→ INSTRUCTIONS FOR THE TASK
With the images removed, return every line below exactly as it reads.

→ THE DATA
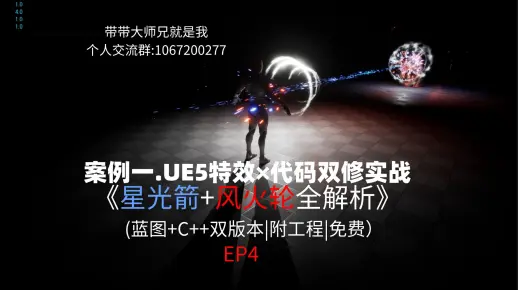 案例一.UE5特效×代码双修实战 星光箭+风火轮全解析EP4.遮罩相乘+power节点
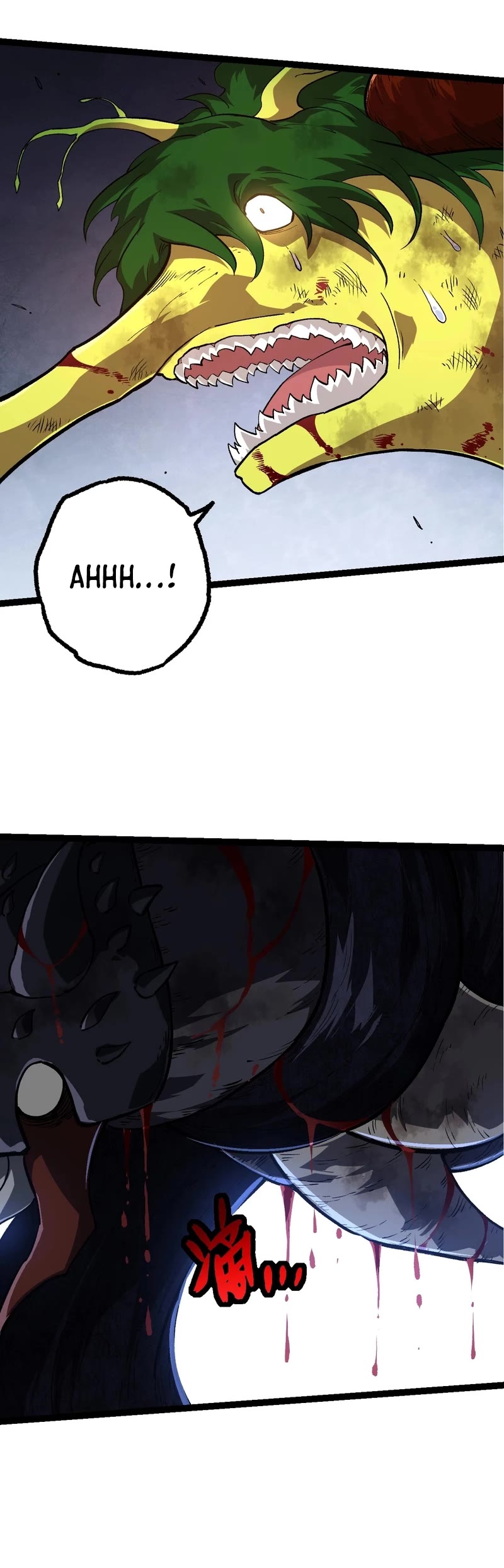 Evolution Begins With a Big Tree Chapter 161 page 24 - Chapter 161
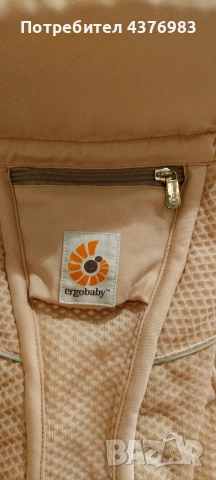 Раница за новородено Omni Deluxe Mesh Natural Beige Ergobaby, снимка 5 - Кенгура и ранички - 54248849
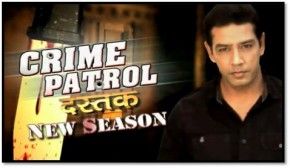 Crime Patrol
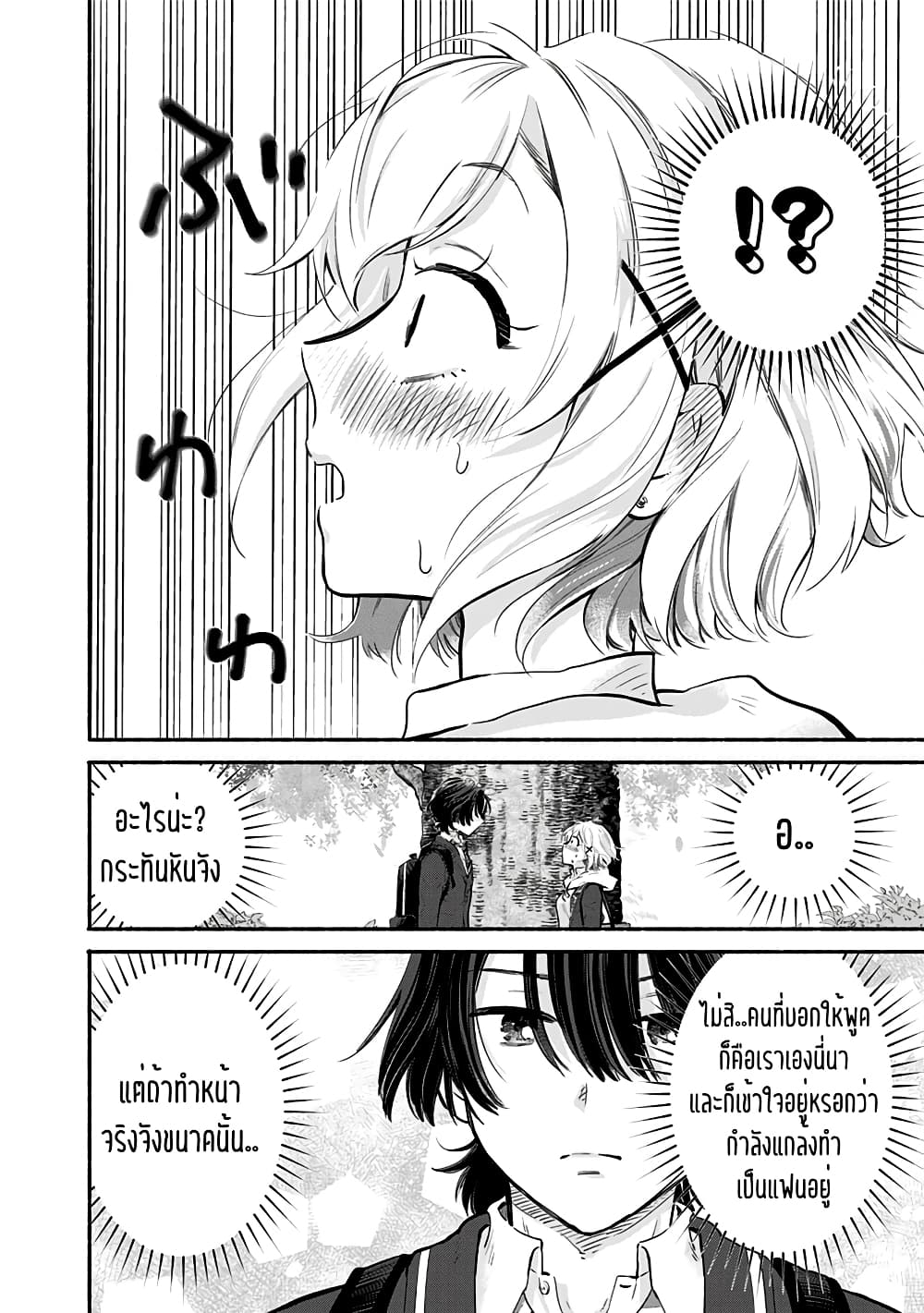 Nee, Mou Isso Tsukiacchau ตอนที่ 4 (22)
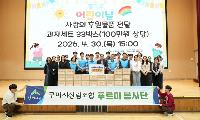 구미시산림조합, 어린이날 맞아 장애아동 후원품 전달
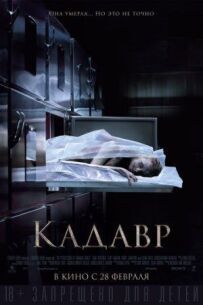 Труп.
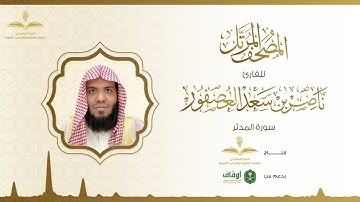 المصحف المرتل للقارئ ناصر العصفور | سورة المدثر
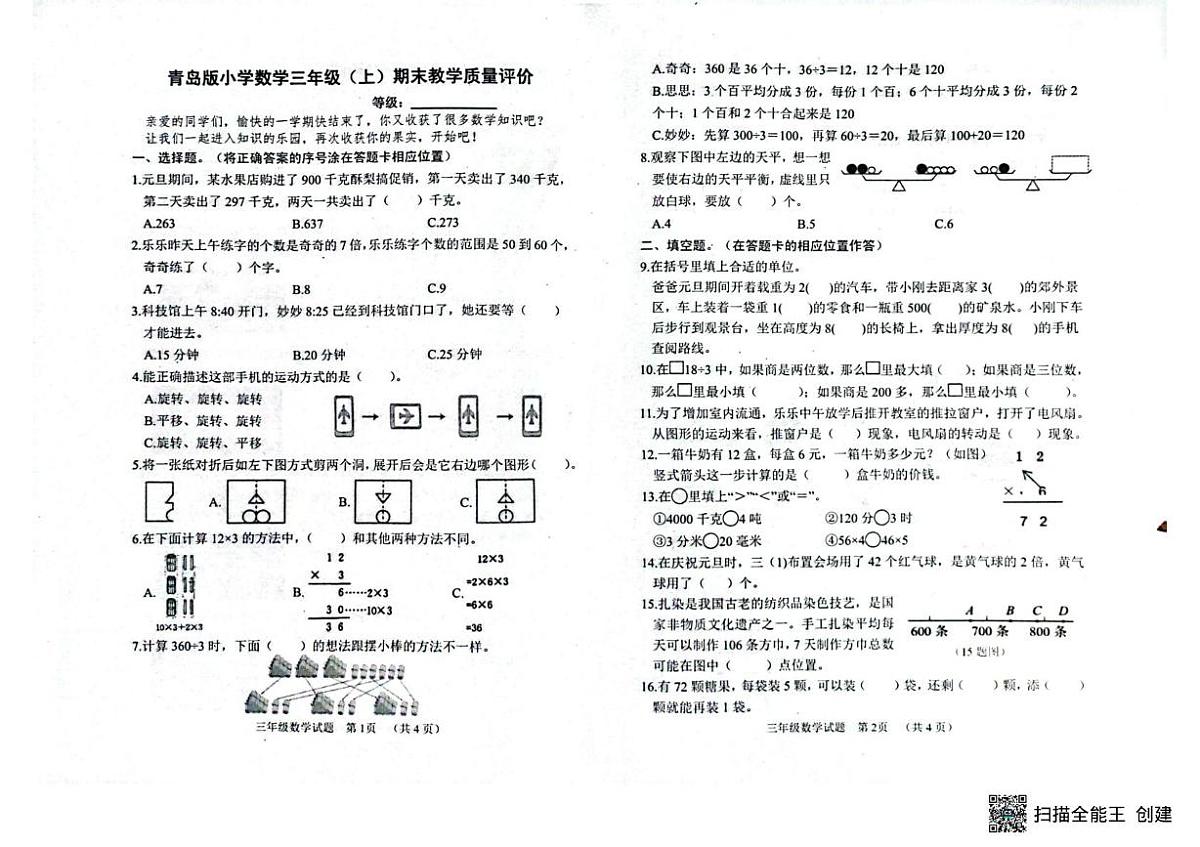 山东聊城市冠县2025-2026学年上学期三年级学情自测数学测试卷（期末）第1页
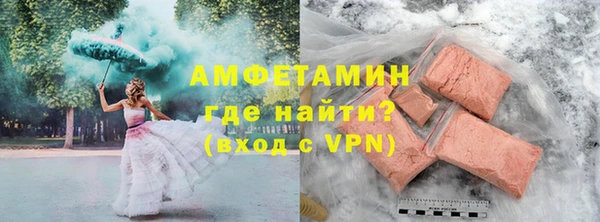 дмт Баксан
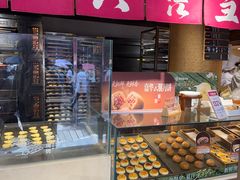 -嘉华鲜花饼(四方街旗舰店)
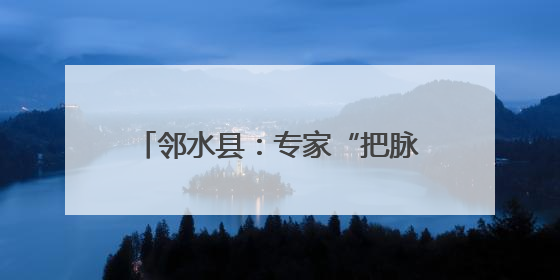 邻水县：专家“把脉”机播技术 农民直呼“解渴”又解惑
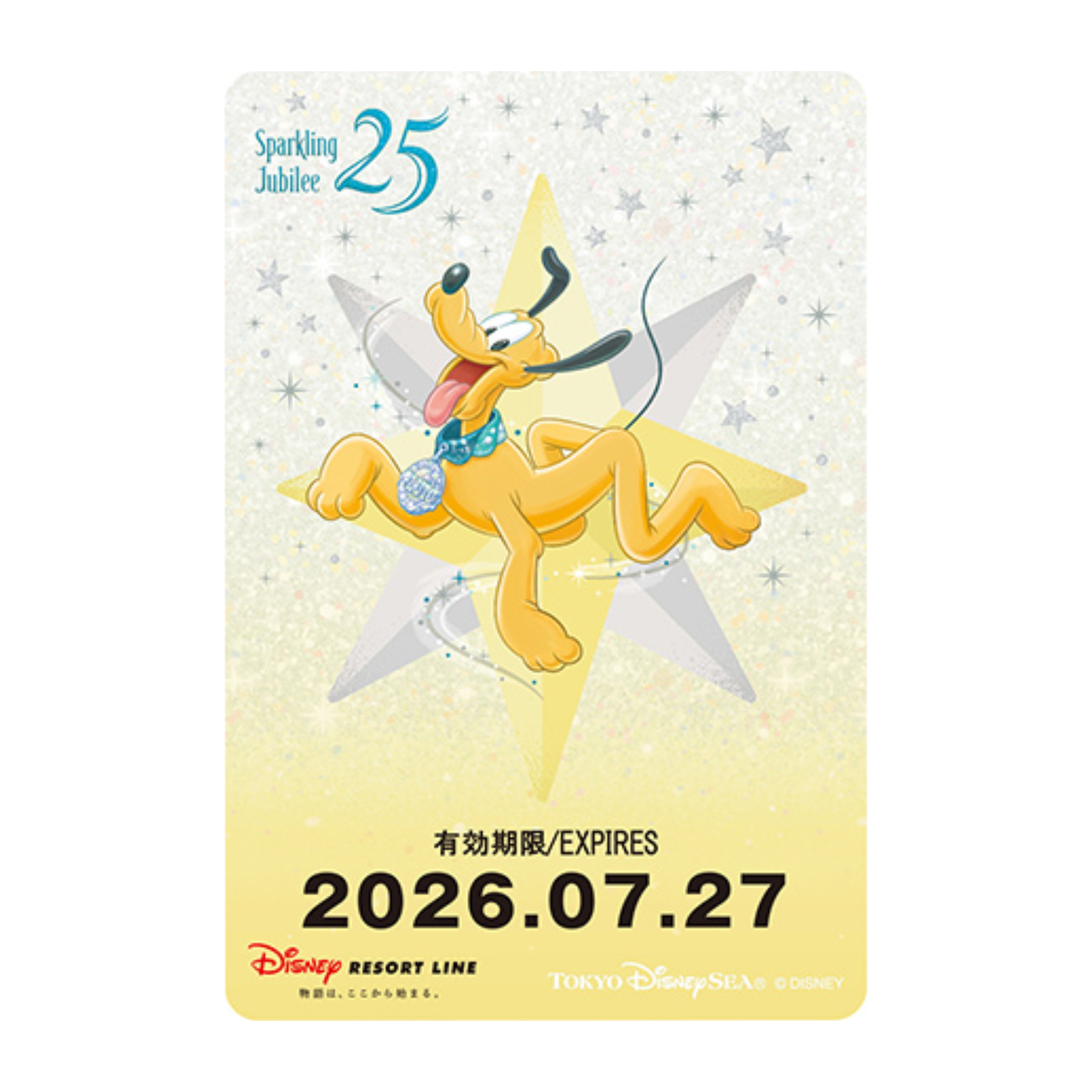 【預訂】DisneySea 25th Sparkling Jubilee - Pluto resort line ticket (27 July)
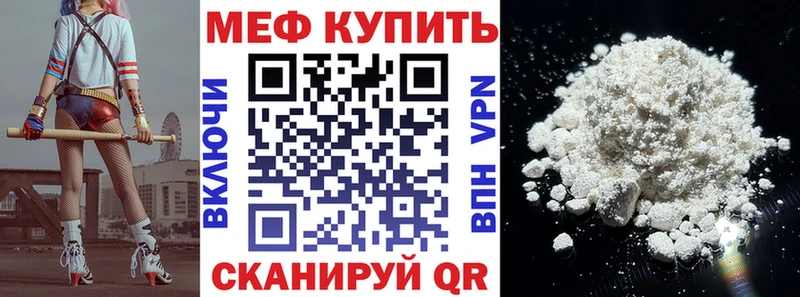 Купить закладки  Городец  Мефедрон VHQ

→ EXERCISE SOLUTION
 案例一.UE5特效×代码双修实战 星光箭+风火轮全解析EP4.遮罩相乘+power节点
 Evolution Begins With a Big Tree Chapter 161 page 24 - Chapter 161
 Раница за новородено Omni Deluxe Mesh Natural Beige Ergobaby, снимка 5 - Кенгура и ранички - 54248849
 Crime Patrol
 Nee, Mou Isso Tsukiacchau ตอนที่ 4 (22)
 구미시산림조합, 어린이날 맞아 장애아동 후원품 전달
 Труп.
 المصحف المرتل للقارئ ناصر العصفور | سورة المدثر
 山东聊城市冠县2025-2026学年上学期三年级学情自测数学测试卷（期末）第1页
 дмт Баксан
 -嘉华鲜花饼(四方街旗舰店)
 邻水县：专家“把脉”机播技术 农民直呼“解渴”又解惑
 【預訂】DisneySea 25th Sparkling Jubilee - Pluto resort line ticket (27 July)
 Купить закладки  Городец  Мефедрон VHQ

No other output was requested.